What jumped out immediately to me was the art style. Brahm Revel has done some fill-in issues during the main series and was the artist for one of my favorite issues in the TMNT micro-series that came out in 2018. It's a hyper-energetic and expressive style that suits the character considering that she's a ninja. It also works well with action sequences and has a manga slant.
Ronda Pattison deserves special attention in this issue. She does the coloring for the main book but has chosen a completely different look for this series. It's cool and shows off some of her range that we don't normally get to see in the main series. I didn't realize she was the colorist until I went back to do the review. I know the overall style may not be for everyone but when it worked for me as I dug into the issue. Another thing that the art manages to do is subvert expectations. Jennika is a surprisingly dark and brutal character. The only turtle with a potentially darker backstory would be Raph but honestly, Jenny may have him beat. The dark undercurrent is contrasted with the bright colors found throughout the issue. I just reviewed Tim Lim and Mark Pellegrini's Black Hop's Vol: 1 and the color choices had a similar effect on me while reading.

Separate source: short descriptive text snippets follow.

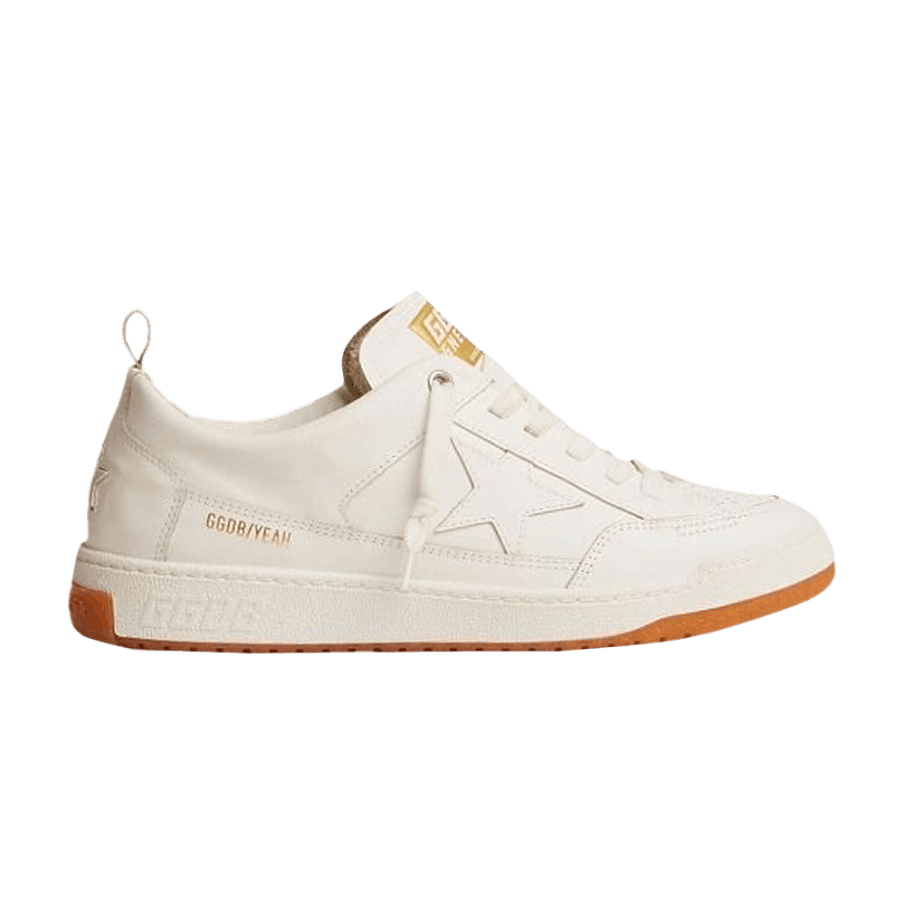 Фото № 1 с приближением к товару «‎Golden Goose Women's Yeah White Yeah! White Gum»
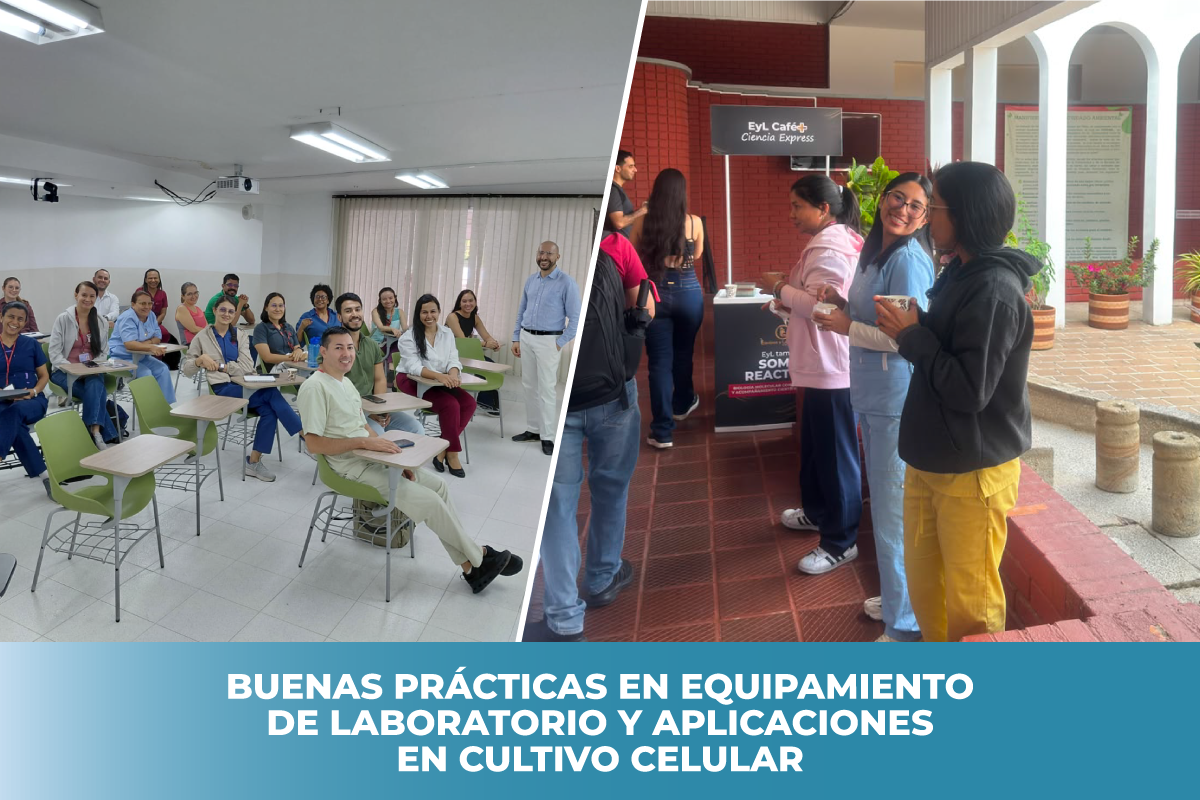 Universidad del Valle y Equipos y Laboratorio de Colombia: una jornada de conocimiento, buenas prácticas e innovación científica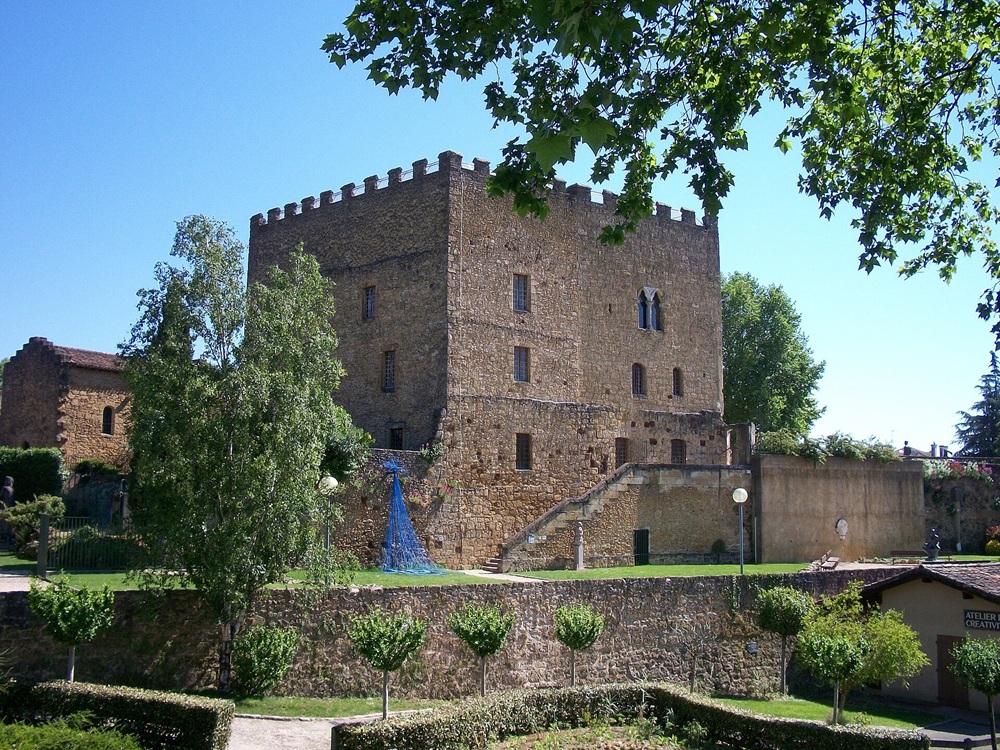 Donjon Lacataye, Mont-de-Marsan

The character is also interesting in that she's had an entire life as a human prior to joining the foot clan, and meeting Clan Hamato. This additional layer makes her a lot more complicated than we typically see from characters in this series, including our heroes. None of the guys have spent any time in prison aside from Jenny and I didn't know that until this issue.
This comic follow's Jenny as she spends time trying to protect the mutants of Mutant Town. Things get complicated as she encounters a Mutant trying to escape the Mutant safe zone. She chases him down and ends up running into Casey Jones and his gang.
It's a tense scene and brings her feelings for him to the surface. Their relationship feels real barring the circumstances. I mean would you date a Ninja Turtles? These elements work and further cement Jenny as a legit character and not just a slick marketing gimmick from IDW.
After the encounter with Casey, she meets someone else from her past that may be able to solve the problem in Mutant Town Permenantly.
This was a really good comic that worked better than I expected. Jenny has a lot of depth that easily rivals any of the characters that have come along in the series. It's no wonder she's a breakout character for the series, great start.